During the City Council work session, Wheeler said “on November 3, council passed five resolutions that will save lives and livelihoods for all Portlanders housed and unhoused. This budget proposal allocates approximately $30 million to the commitments made within those resolutions.”
“Last week, we approved policies to create six designated camping sites and phase-in a citywide ban on unsanctioned camping; this week I am proposing an immediate $27 million City budget down payment to help build six Designated Camping Sites and related priorities,” Wheeler said in a statement. “This $27 million is a great start, and shows we are serious about quick implementation of our affordable housing and houselessness goals, but for the houselessness needs, it’s about half of the total we will need – we still need resources from our Multnomah County, Metro and State of Oregon partners.”
Wheeler added “it’s no surprise that this work requires a considerable amount of funding. I will continue to ask our federal partners, our governor elect, leaders within the Metro regional government, and the incoming Multnomah County chair to partner with us and to provide the services and resources needed to do the hard work ahead of us.”
According to the mayor’s office, $3.5 million of the $27 million will go towards a 50-person city-employee Navigation Team “to increase connection with individuals experiencing homelessness and available services.”

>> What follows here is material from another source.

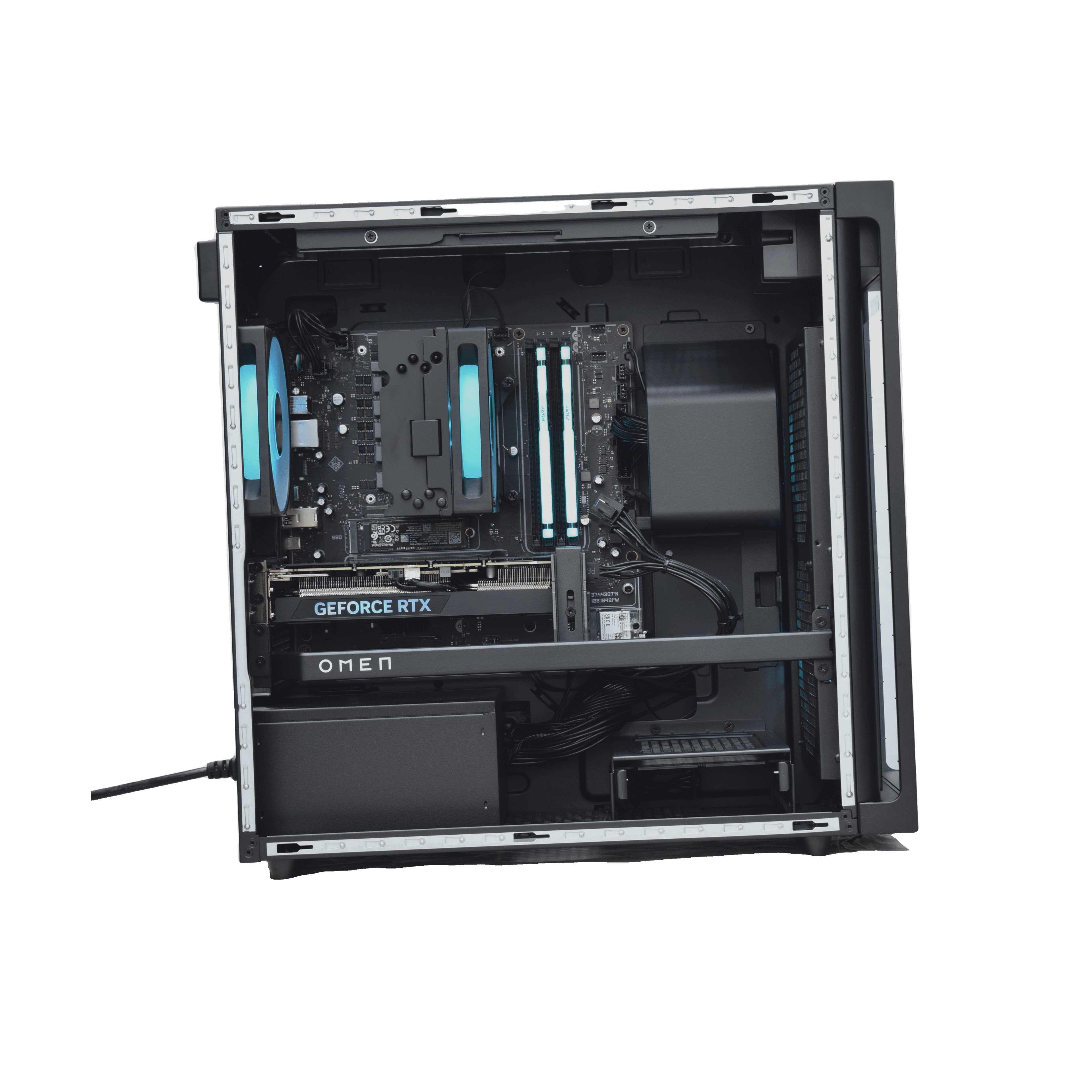 Intel i7-14700F | RTX 4060 Ti — 3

Additionally, Wheeler proposed $4,188,600 for three designated camping sites including site preparation and construction costs and $12,845,750 for operational costs for three camping sites for one year, which would also include staff salaries, according to the mayor’s office.
The mayor also proposed $750,000 for private security contracts “for surrounding neighborhoods and business districts of designated camping locations.” The mayor also proposed allocating $1,500,000 to expand staffing for the City Incident Command team along with $3,891,164 for the Impact Reduction Program.
No votes were cast on Thursday’s proposal, but it has received some criticism from Commissioner Hardesty who claimed her office had only been notified of the changes two days ago.
Hardesty stated “it’s unfortunate that it seems to be just on a fast track for passage. I know I won’t be here next year. But that doesn’t mean I don’t care about how we end this budget cycle.”